NASA’s three stalwart mobile launcher platforms (MLP) are currently being revamped to better accommodate the space agency’s next-generation launch vehicles.



The huge steel structures, which acted as launch bases for the Apollo/Saturn program and subsequent shuttle missions, will serve as the platforms that launch future vehicles into space.

Essentially a large steel box measuring 160 by 135 feet, a platform’s surface features wide openings that align with a space-bound vehicle’s engines and direct the blast into the flame trench below. Propellant lines and other utilities run throughout the structure. Of course, the two-story interior contains a variety of communications devices, control cabinets and other ground support equipment.

Throughout the past year, Kennedy Space Center’s Ground Systems Development and Operations (GSDO) program has overseen the removal of much of the hardware used to support shuttle launches, making it available to the new 355-foot-tall mobile launcher in development for the agency’s Space Launch System (SLS) – a rocket that will launch NASA’s Orion spacecraft and provide an entirely new capability for human exploration beyond Earth orbit.

“We’re removing a lot of components – cryogenic, pneumatic, mechanical, electrical, controls-type stuff for reuse on the new SLS mobile launcher as a cost savings,” explained John Rigney, GSDO lead architect. 

”But at the same time, we wanted to keep the MLPs ready for any commercial entities that want to use them.”

As such, the program considered what hardware should be removed from the platforms in order to ensure two would remain available.

“It’s kind of like taking parts off your car,” said Rigney. “If I took the wheels off your car, and took the doors out of another car, and took the glass out of a third car, you’d say, ‘Couldn’t you leave one car that works?’ We tried to think ahead.”

Any hardware used in a solid-propulsion system was removed from MLP No. 2, while some of the electrical racks and control panels also were dismantled.

“We tried to keep MLP-2 intact for a commercial entity with a liquid-fueled vehicle,” noted Mobile Launcher Technical Integrator Mike Canicatti. “We tried to pull off what we could that wasn’t liquid-related, such as equipment that interacts with solid propellant, mostly pneumatic panels and control cabinets that feed the SRBs.”

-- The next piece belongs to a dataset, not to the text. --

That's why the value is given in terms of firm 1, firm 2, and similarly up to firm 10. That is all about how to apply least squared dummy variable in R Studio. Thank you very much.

Conversely, the materials removed from MLP No. 3 leave the platform set to support a vehicle fueled by solid propellant.

MLP No. 1, the oldest of the three, will likely never be used again, so the team planned carefully which pieces to save and which to leave with the structure.

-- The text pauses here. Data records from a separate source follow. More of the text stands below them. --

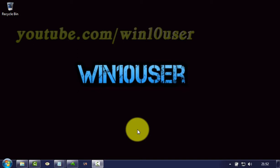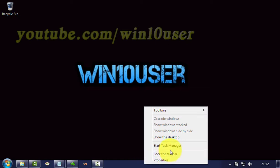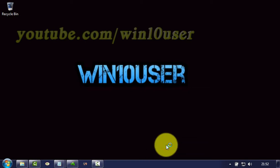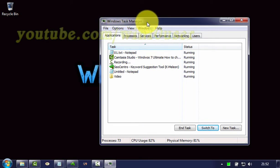To check CPU usage in Windows 7 Ultimate, right-click on the taskbar. Click Start Task Manager. In Windows Task Manager, click Performance.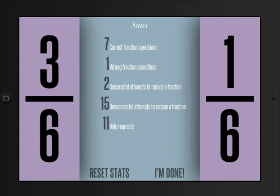you can see that I have seven correct fraction operations. One was wrong, a couple of successful attempts, some unsuccessful attempts. And then you can also see how many times your students are requesting help.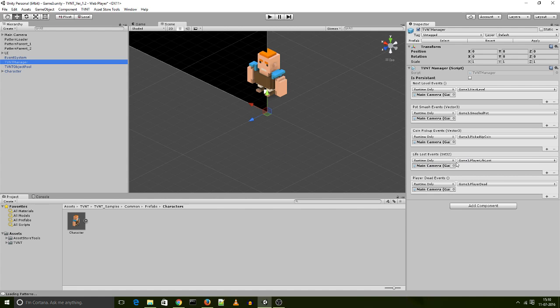So it's just an easy way for you to point these events to any personalized function that you have. So that is about it for the TVNT manager. And yeah, there should be some updates coming on the way in respect to other prefabs and whatnot. And I will post tutorials the moment that comes up. Thank you.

“We didn’t want to turn it over to [Kennedy’s Center Operations directorate] with anything in it that had some value… But at the same time, we didn’t want to take everything out, because we’d have to store it and spend money to keep it. So we did the best we could and took out all the parts that were still good,” Rigney added.

There are plans to use the hardware that’s been pulled out of the platforms. Until then, the majority of the parts are being stored in the Vehicle Assembly Building, in the heart of Launch Complex 39.

The hands-on work to remove parts from the Mobile Launcher Platforms began earlier this year, one of many such activities under way to transition and retire the shuttle fleet. The job is expected to be complete by year’s end.

The first test flight of NASA’s Space Launch System, which will feature a configuration for a 70-metric-ton (77-ton) lift capacity, is slated for 2017.